What to produce =
Reproduce the records below in full and exactly, without their images.

Information =
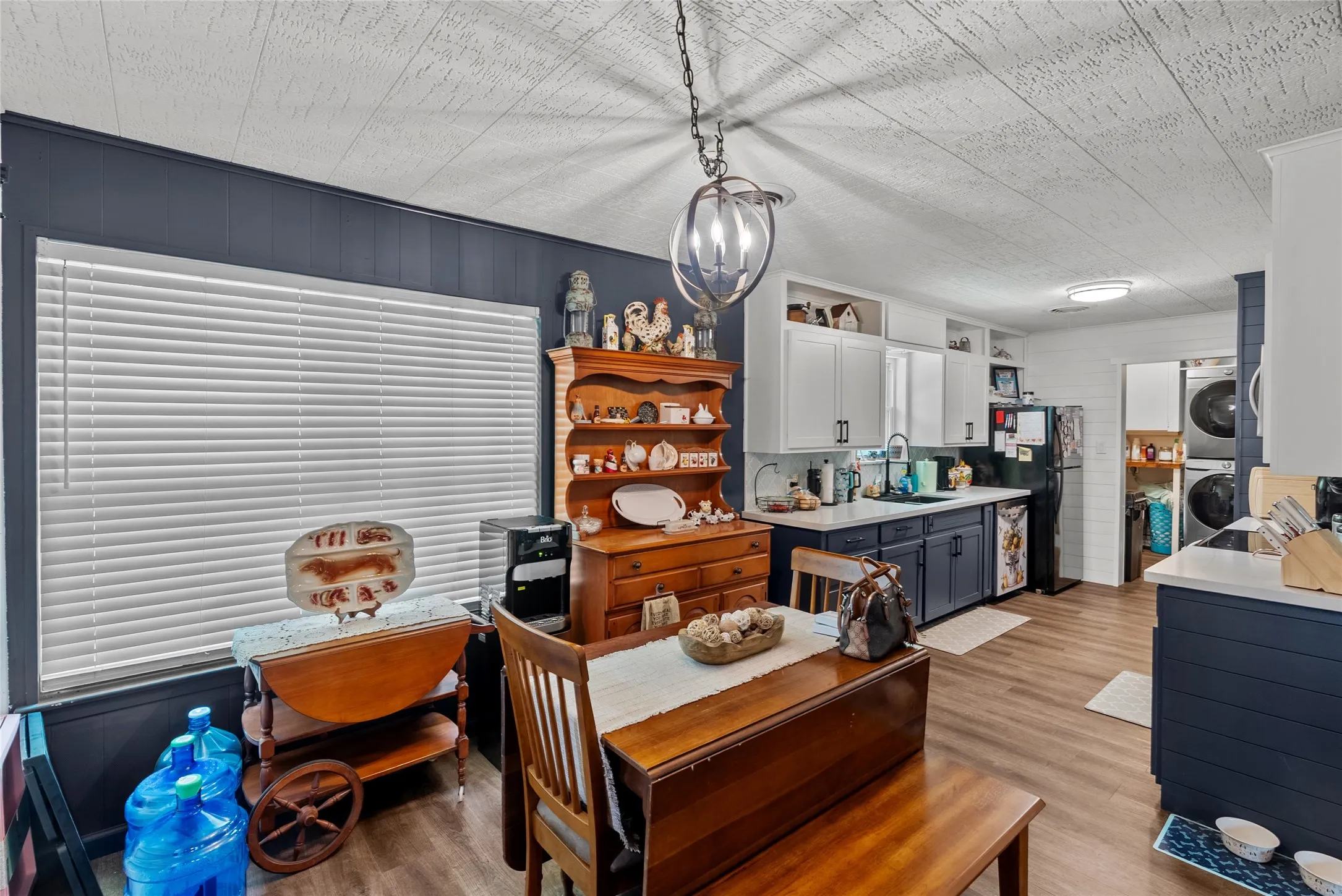 Single Family Residence For Sale in Johnson County , 107 Woodard Avenue, Cleburne, Texas 76033, 2 Bedroom, 1 Bathroom, 2 Garage spaces, 1,164 Sqft, built in 1960, mls#21258702, Real Estate Agent in Cleburne, Homes For Sale in Johnson county, Homes For Sale in Cleburne, Realtor in Cleburne Texas, Real Estate Brokerage Independent Realty Texas, Luminita Cordes Realtor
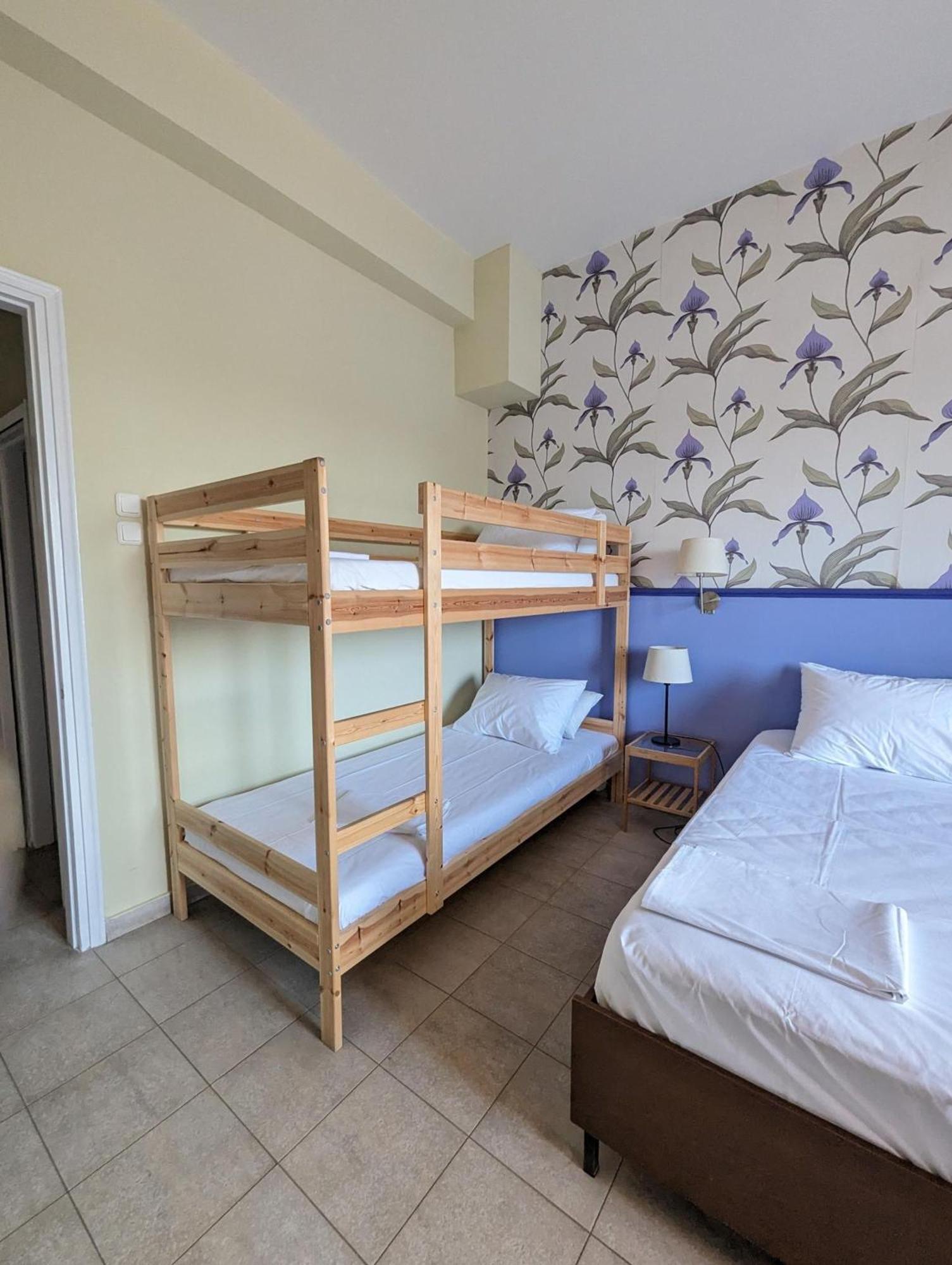 Okeania Seafront Rooms In Камена-Вурла Экстерьер фото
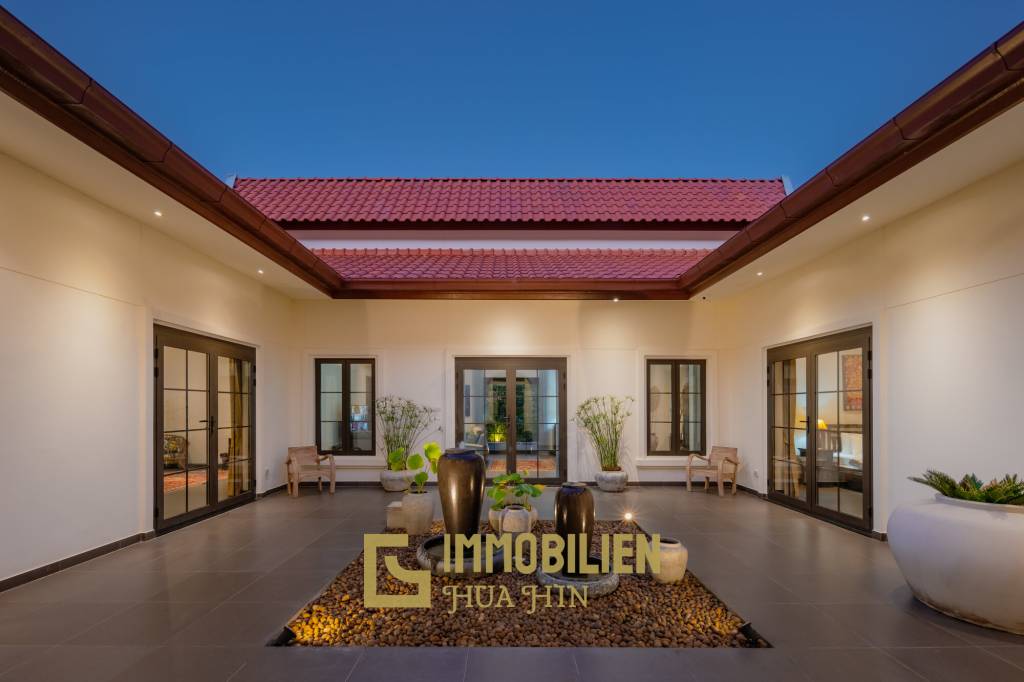 komplett renoviert / hochwertige Möbel / Golfmitgliedschaft / moderne europäische Küche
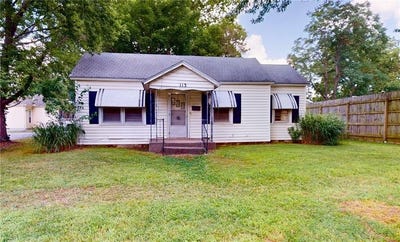 /international/us/113-s-clay-street-nevada-mo-110101211774/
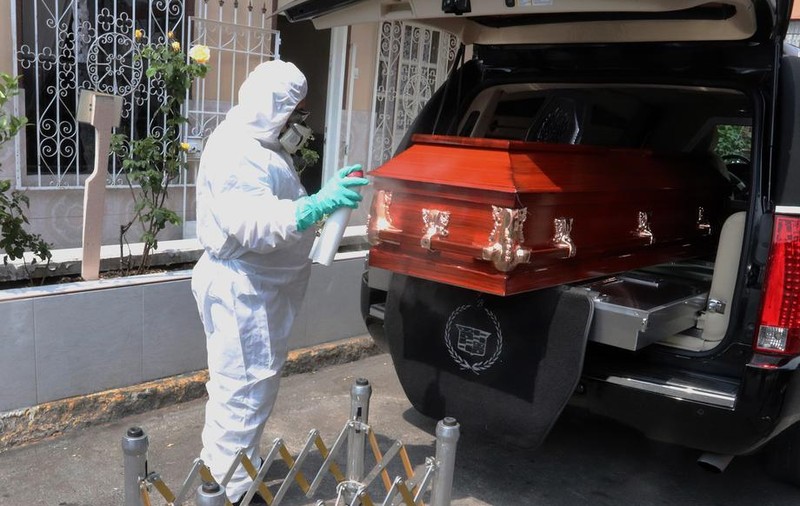 O familie din Timiș stă în casă cu cadavrul bunicii de 83 de ani, în așteptarea rezultatului pentru COVID-19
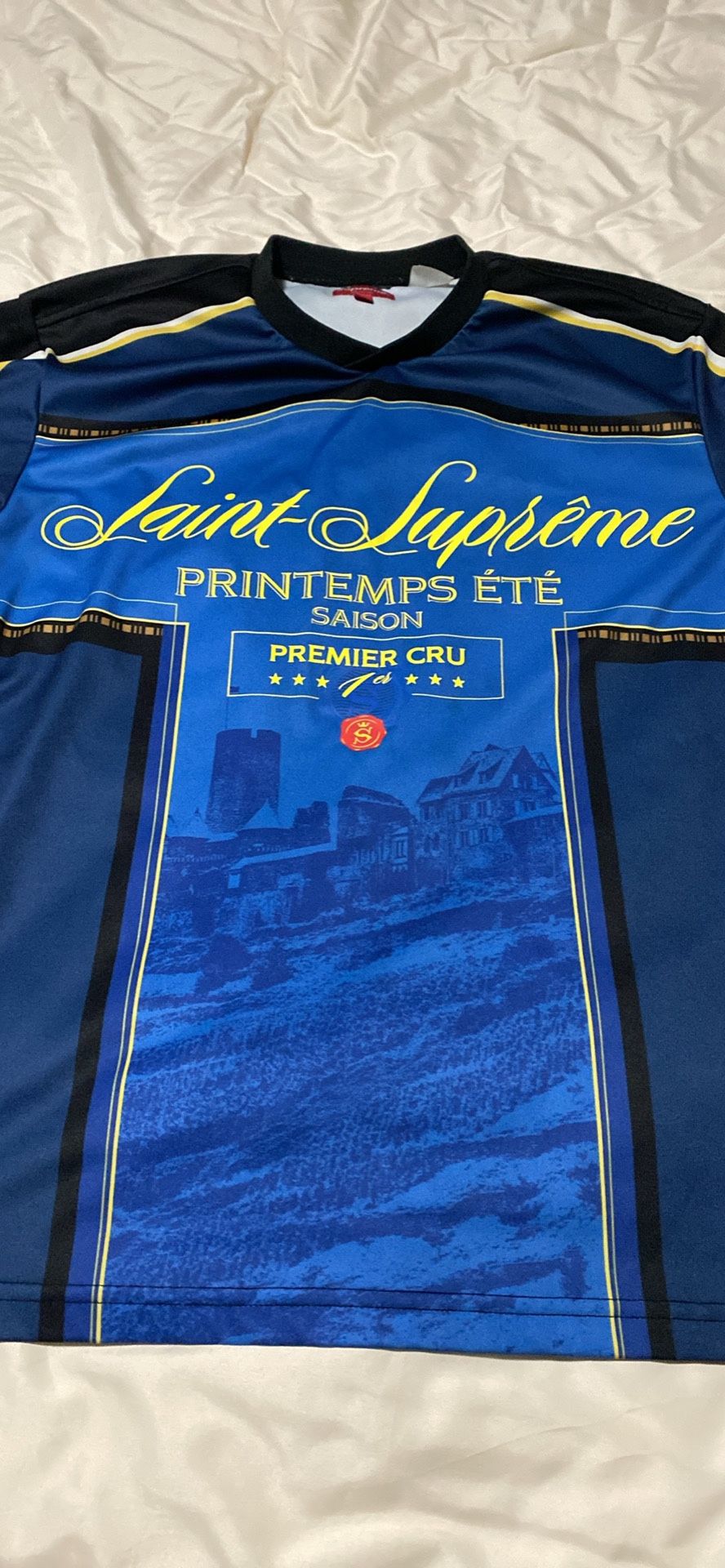 Supreme Jersey size, small men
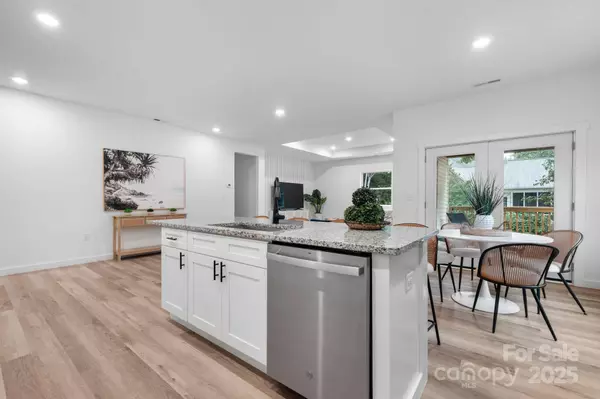 4204 9th ST NE, Hickory, NC 28601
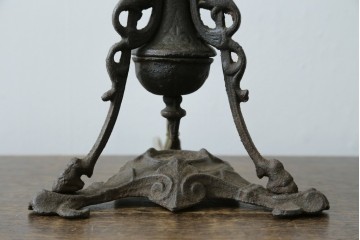 和製アンティーク　オイルランプをリメイク　凝った装飾が目を引くスタンドライト　(R-085113)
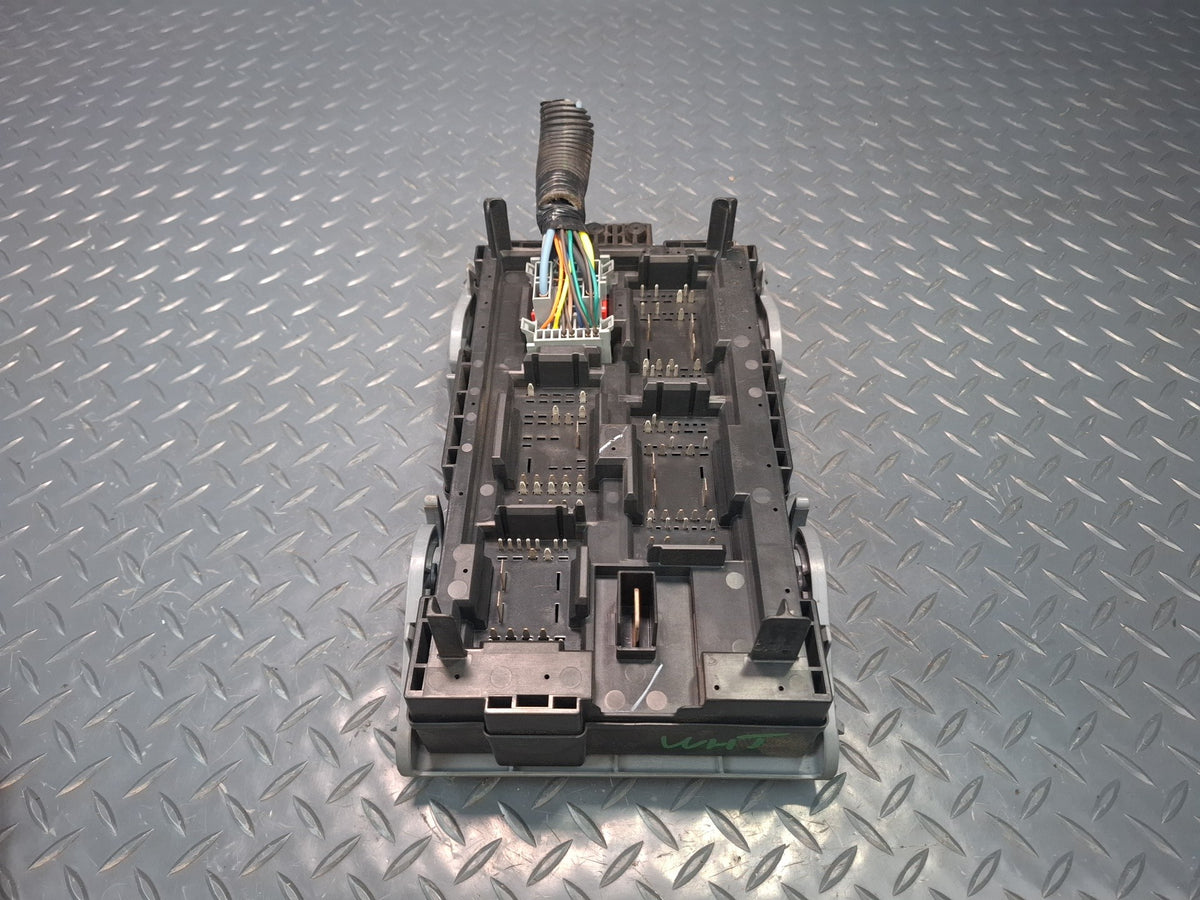 2008-2009 Hummer H2 Engine Bay Junction Fuse Relay Box 15282679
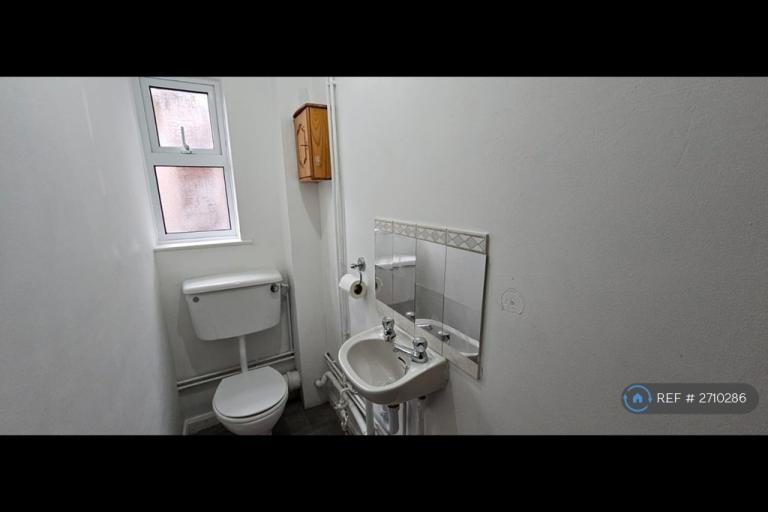 3 bedroom house in Budding Road, Eastington, Stonehouse, GL10 (3 bed) (#2710286)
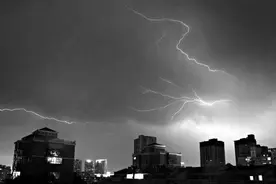 冰雹突袭北京，砸蒙路人！专家：9月下冰雹是正常现象图片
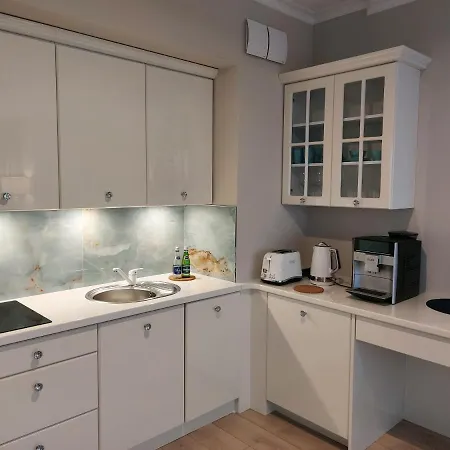 Patio Glamour * كوزتسالين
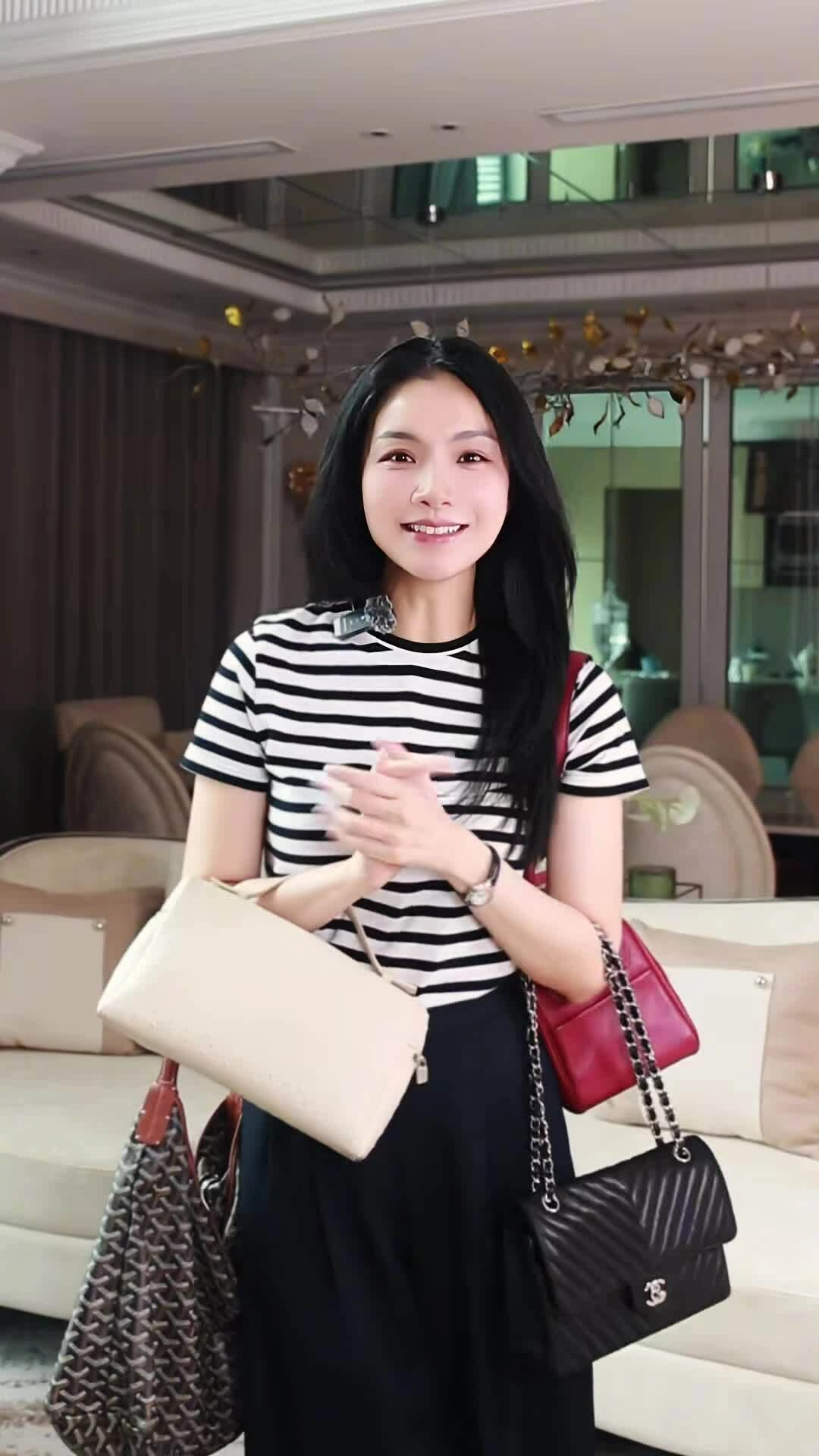 Bộ sưu tập túi yêu thích của Hoa hậu Thùy Lâm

Task output =
 Single Family Residence For Sale in Johnson County , 107 Woodard Avenue, Cleburne, Texas 76033, 2 Bedroom, 1 Bathroom, 2 Garage spaces, 1,164 Sqft, built in 1960, mls#21258702, Real Estate Agent in Cleburne, Homes For Sale in Johnson county, Homes For Sale in Cleburne, Realtor in Cleburne Texas, Real Estate Brokerage Independent Realty Texas, Luminita Cordes Realtor
 Okeania Seafront Rooms In Камена-Вурла Экстерьер фото
 komplett renoviert / hochwertige Möbel / Golfmitgliedschaft / moderne europäische Küche
 /international/us/113-s-clay-street-nevada-mo-110101211774/
 O familie din Timiș stă în casă cu cadavrul bunicii de 83 de ani, în așteptarea rezultatului pentru COVID-19
 Supreme Jersey size, small men
 4204 9th ST NE, Hickory, NC 28601
 和製アンティーク　オイルランプをリメイク　凝った装飾が目を引くスタンドライト　(R-085113)
 2008-2009 Hummer H2 Engine Bay Junction Fuse Relay Box 15282679
 3 bedroom house in Budding Road, Eastington, Stonehouse, GL10 (3 bed) (#2710286)
 冰雹突袭北京，砸蒙路人！专家：9月下冰雹是正常现象图片
 Patio Glamour * كوزتسالين
 Bộ sưu tập túi yêu thích của Hoa hậu Thùy Lâm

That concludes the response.